Opinion by
Appellant was last employed by the United States Post Office Department at Uniontown, Pennsylvania, as a window clerk. He was forced to retire on January 31, 1972. He is receiving a retirement pension in the amount of $602.54 a month, or approximately $139.00 a week. His weekly unemployment compensation benefit rate is $85.00. Section 404(d) (iii) of the Unemployment Compensation Law, Act of December 5, 1936, Second Ex. Sess., P. L. (1937) 2897, as amended, 43 P.S. §804(d) (iii), provides: “(d) Notwithstanding any other provisions of this section each eligible employe who is unemployed with respect to any week ending subsequent to the first day of October, one thousand nine hundred seventy-one, shall be paid with respect to such week, compensation in an amount equal to his weekly benefit rate less the total of . . . (iii) that part of a retirement pension or annuity, if any, received by him under a private pension plan to which a base-year employer of such employe has contributed which is in excess of forty dollars ($40) per week.” Appellant does not contest the finding of the referee, affirmed by the Board, that the retirement pension of appellant is within that class to which his base-year employer contributed and, therefore, within the provisions of the act.
The Bureau, the referee, and the Board of Review, all decided that the amount of the pension that was *345deductible exceeded the weekly benefit rate and, therefore, the appellant’s claim was disallowed.
The appellant would have us interpret the act as allowing him unemployment benefits of $40.00 per week before any pension benefits are deducted. Such is not the plain meaning of the act. Appellant is correct that the first $40.00 of his retirement pension benefits are not deductible. In his instance, the pension benefits were approximately $139.00 a week. His unemployment compensation benefit rate was $85.00 a week. The portion of the retirement pension benefit in excess of $40.00 was $99.00 a week, i.e., $139.00 minus $40.00. Under the Unemployment Compensation Law, since the portion of the retirement benefit in excess of $40.00 a week was in excess of $85.00 a week, no unemployment compensation benefits are payable.

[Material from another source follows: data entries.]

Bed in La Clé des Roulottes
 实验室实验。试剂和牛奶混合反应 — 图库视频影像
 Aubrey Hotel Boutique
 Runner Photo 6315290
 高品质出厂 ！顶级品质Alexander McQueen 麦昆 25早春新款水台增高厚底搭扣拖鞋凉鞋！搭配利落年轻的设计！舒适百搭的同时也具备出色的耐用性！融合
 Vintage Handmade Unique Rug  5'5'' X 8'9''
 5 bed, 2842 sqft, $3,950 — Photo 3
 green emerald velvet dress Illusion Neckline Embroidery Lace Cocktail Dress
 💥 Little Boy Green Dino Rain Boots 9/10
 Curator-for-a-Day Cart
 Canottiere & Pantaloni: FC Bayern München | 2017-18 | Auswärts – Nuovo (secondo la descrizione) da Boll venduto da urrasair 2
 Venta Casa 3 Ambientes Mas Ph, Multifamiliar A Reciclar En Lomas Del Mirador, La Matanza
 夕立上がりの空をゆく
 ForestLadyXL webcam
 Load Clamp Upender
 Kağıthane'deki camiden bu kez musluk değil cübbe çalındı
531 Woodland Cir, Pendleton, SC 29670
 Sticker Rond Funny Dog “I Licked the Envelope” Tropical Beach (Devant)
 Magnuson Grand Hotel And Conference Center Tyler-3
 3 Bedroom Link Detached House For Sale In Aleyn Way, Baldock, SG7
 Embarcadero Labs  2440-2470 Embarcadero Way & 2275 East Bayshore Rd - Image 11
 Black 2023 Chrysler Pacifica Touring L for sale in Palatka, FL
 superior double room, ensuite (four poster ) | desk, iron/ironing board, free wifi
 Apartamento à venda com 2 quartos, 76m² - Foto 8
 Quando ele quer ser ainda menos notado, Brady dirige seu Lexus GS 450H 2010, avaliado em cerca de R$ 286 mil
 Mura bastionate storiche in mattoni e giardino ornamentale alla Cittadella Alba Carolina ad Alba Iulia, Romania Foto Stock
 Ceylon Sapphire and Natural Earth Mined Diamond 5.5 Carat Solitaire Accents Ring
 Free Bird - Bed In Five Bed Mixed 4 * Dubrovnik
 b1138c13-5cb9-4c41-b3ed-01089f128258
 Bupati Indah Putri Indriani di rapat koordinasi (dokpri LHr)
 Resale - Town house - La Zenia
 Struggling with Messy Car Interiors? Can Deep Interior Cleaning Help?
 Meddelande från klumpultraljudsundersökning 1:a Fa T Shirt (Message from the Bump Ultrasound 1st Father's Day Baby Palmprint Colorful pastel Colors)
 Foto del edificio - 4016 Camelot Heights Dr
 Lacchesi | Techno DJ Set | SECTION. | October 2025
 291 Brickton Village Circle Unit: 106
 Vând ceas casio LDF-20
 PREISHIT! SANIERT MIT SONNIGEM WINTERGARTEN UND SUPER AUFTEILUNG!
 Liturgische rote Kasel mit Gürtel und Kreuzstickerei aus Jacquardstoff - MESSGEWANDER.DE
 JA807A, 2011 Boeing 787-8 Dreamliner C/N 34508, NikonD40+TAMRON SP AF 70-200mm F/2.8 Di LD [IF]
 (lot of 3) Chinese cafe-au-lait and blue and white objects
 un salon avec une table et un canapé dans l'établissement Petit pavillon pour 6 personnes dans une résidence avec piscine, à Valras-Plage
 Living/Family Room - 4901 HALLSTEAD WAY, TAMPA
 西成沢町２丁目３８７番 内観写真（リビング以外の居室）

This is the first case where the courts of Pennsylvania have been called upon to interpret this Section under these precise circumstances. However, the Superior Court did interpret this Section under somewhat similar circumstances in Salzstein Unemployment Compensation Case, 207 Pa. Superior Ct. 214, 217 A. 2d 786 (1966). In that case, the appellant pressed the court to adopt an interpretation that would not deduct any retirement pension benefits until the amount paid into the retirement plan by the employe had been recovered. As noted by the Superior Court in its opinion, such an interpretation would be consistent with the provisions of the law relating to income tax returns. However, the court, in Sals stein, supra, at 216, 217 and at 787, declined to so interpret the Unemployment Compensation Law, saying: “To adopt claimant’s theory would be to rewrite the statute, and to defeat the legislative purpose and intent. Cf. Yeager Unemployment Compensation Case, 196 Pa. Superior Ct. 162, 173 A. 2d 802 [1961].”
*346Accordingly, we enter the following
Order
Now, October 15, 1973, the claimant’s appeal is dismissed and the order of the Unemployment Compensation Board of Review is affirmed.